## Information shown
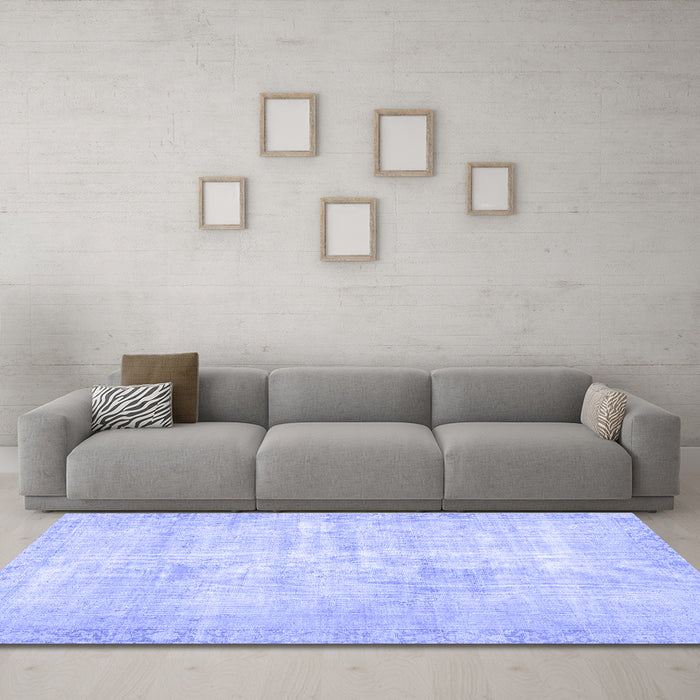 Machine Washable Persian Blue Traditional Rug in a Living Room, wshtr3854blu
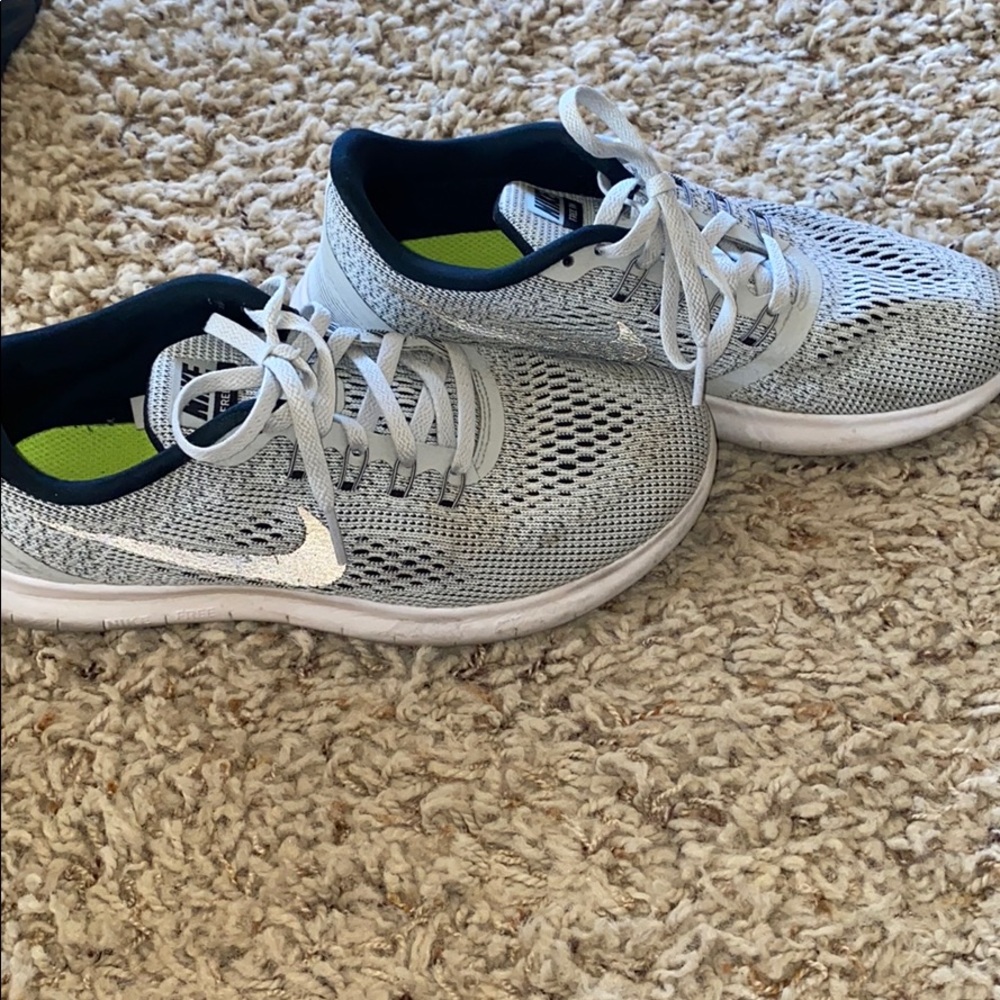 Running shoes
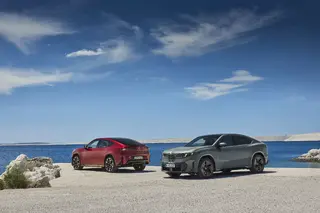 BMW iX4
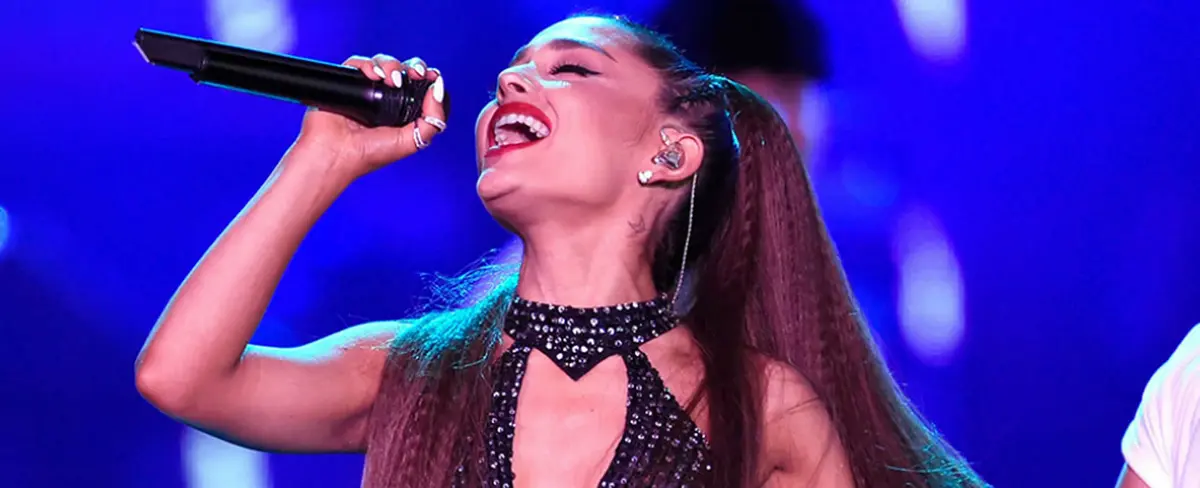Ariana Grande se une a las protestas contra el racismo en Los Ángeles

## What this task involves
Print out the whole listing word for word. Leave the pictures out.

## Solution to the exercise
 Machine Washable Persian Blue Traditional Rug in a Living Room, wshtr3854blu
 Running shoes
 BMW iX4
Ariana Grande se une a las protestas contra el racismo en Los Ángeles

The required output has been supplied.